Peraturan ini ditetapkan pada 27 Desember 2023 dan mulai di sosialisasikan secara resmi pada tanggal 29 Desember 2023, dan berlaku mulai 1 Januari 2024.

"Ini sudah ada dulu (TER), cuman karena dikeluarkannya sekarang jadi seolah-olah ada penambahan beban baru dan pajak baru, TER ini istilah yang biasa kita gunakan untuk menghitung PPh 21," jelasnya.

Dalam paparannya, Dwi menjelaskan bahwa pemotongan PPh Pasal 21 yang menggunakan TER hanya dilakukan pada masa pajak Januari hingga November. Maka pada Desember, PPh Pasal 21 dihitung ulang menggunakan tarif pasal 17 ayat 1.

Misal sebegai contoh, Tuan 'A' bekerja pada perusahaan PT ABC dan memperoleh gaji Rp 10.000.000 per bulan, serta membayar iuran pensiun sebesar Rp 100.000 per bulan. Tuan 'A' menikah dan tidak memiliki tanggungan (PTKP K/0).

Maka penghitungan dengan TER, yakni Januari - November : 2 persen x Rp 10.000.000 = Rp 200.000 per bulan.
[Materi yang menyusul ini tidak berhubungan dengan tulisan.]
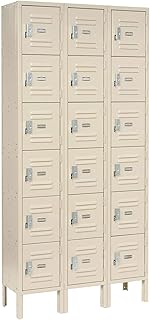 Global Industrial Six Tier Locker, 12x15x12, 18 Door, Unassembled, Tan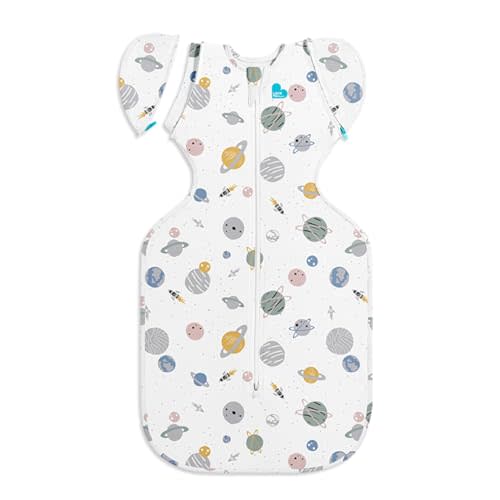 Love to Dream Swaddle Up Transition Swaddle, Patented Zip-Off Wings, Gently Help Baby Transition from Being Swaddled to Arms Free When Showing Signs of Rolling, Lite 0.2 TOG, 19-24 lbs, White Space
Kemudian, untuk Desember Rp 2.175.000 (PPh setahun) - (11x Rp 200.000)= Rp 515.000 pajak terhutang yang harus dibayar wajib pajak.


Mulai Berlaku 1 Januari 2024, Simak Aturan Baru Tarif Efektif PPh 21

Ilustrasi Pajak. (Shutterstock)

Pemerintah merilis aturan baru mengenai perhitungan tarif efektif pemotongan pajak penghasilan (PPh) Pasal 21. Aturan ini mulai berlaku efektif pada 1 Januari 2024.

Aturan ini tertuang dalam Peraturan Pemerintah (PP) Nomor 58 Tahun 2023 tentang Tarif Pemotongan Pajak Penghasilan Pasal 21 Atas Penghasilan Sehubungan Dengan Pekerjaan, Jasa, atau Kegiatan Wajib Pajak Orang Pribadi.

Penerbitan aturan baru perpajakan ini untuk memudahkan dam nenyederhanakan pelaksanaan pemenuhan kewajiban perpajakan kepada Wajib Pajak atas pemotongan PPh 21.

Penetapan tarif efektif pemotongan PPh Pasal 21 dilakukan dengan telah memperhatikan adanya pengurang penghasilan bruto berupa biaya jabatan atau biaya pensiun, iuran pensiun, dan Penghasilan Tidak Kena Pajak.

Direktur Penyuluhan, Pelayanan dan Hubungan Masyarakat Direktorat Jenderal Pajak (DJP) Kementerian Keuangan Dwi Astuti menjelaskan, tarif efektif untuk penghitungan PPh Pasal 21 tidak memberikan beban pajak baru.

“Tidak ada tambahan beban pajak baru sehubungan dengan penerapan tarif efektif,” kata dia dikutip dari Antara, Senin (1/1/2024).

Tujuan diterbitkannya PP tersebut untuk memberikan kemudahan dalam penghitungan pajak terutang. Menurut Dwi, kemudahan itu tercermin pada kesederhanaan cara penghitungan pajak terutang.

Sebelumnya, untuk menentukan pajak terutang, pemberi kerja harus mengurangkan biaya jabatan, biaya pensiun, iuran pensiun, dan Penghasilan Tidak Kena Pajak (PTKP) dari penghasilan bruto. Hasilnya baru dikalikan dengan tarif Pasal 17 UU PPh.